### Exercise brief
Repeat only what runs from the line with "Detailed view of" through the last line of the data below, both included, keeping every word as it is and leaving out the pictures.

### Supplied information
--- START ---

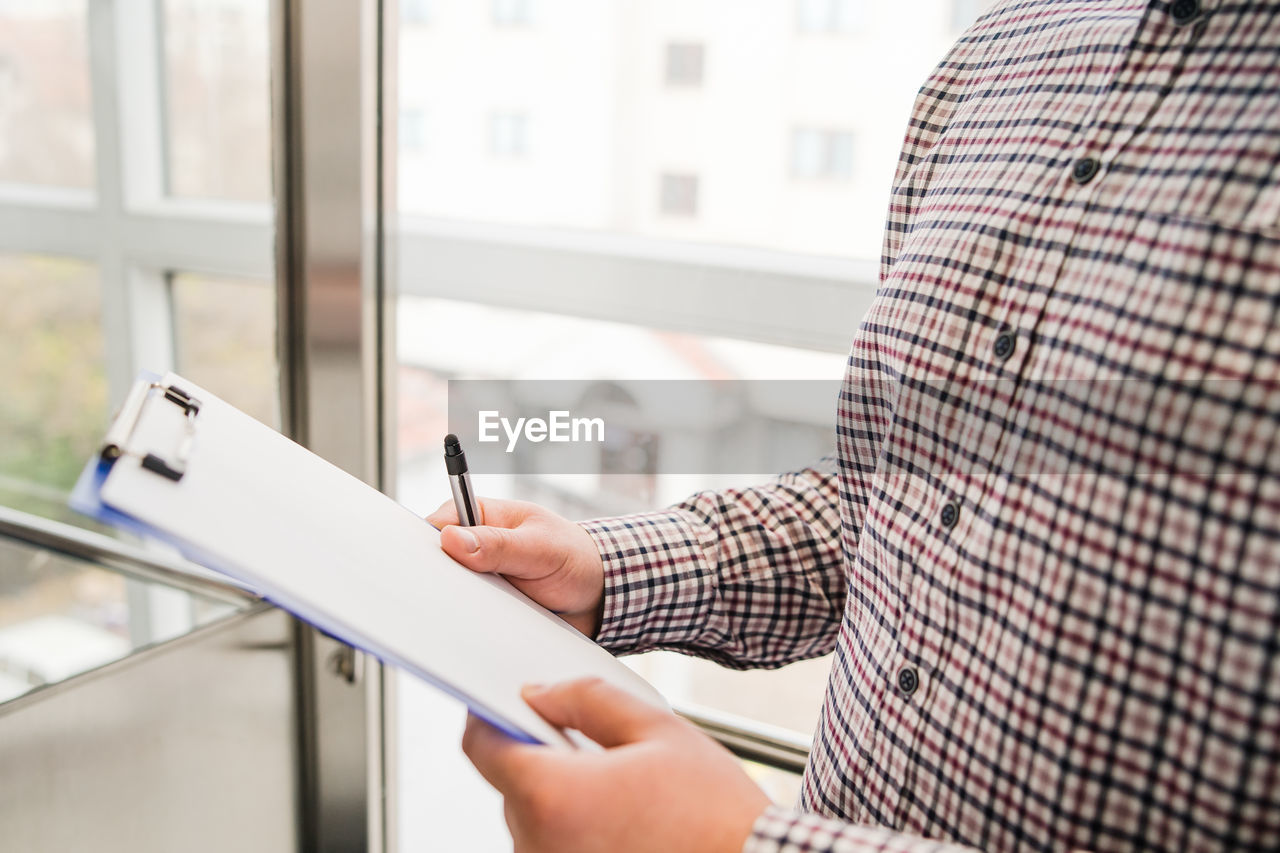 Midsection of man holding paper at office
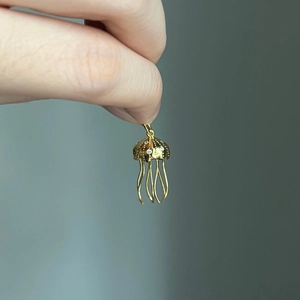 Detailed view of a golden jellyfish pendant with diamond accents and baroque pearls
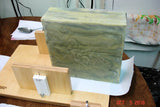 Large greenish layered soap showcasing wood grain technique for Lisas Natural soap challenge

--- END ---

### Answer space
 Detailed view of a golden jellyfish pendant with diamond accents and baroque pearls
 Large greenish layered soap showcasing wood grain technique for Lisas Natural soap challenge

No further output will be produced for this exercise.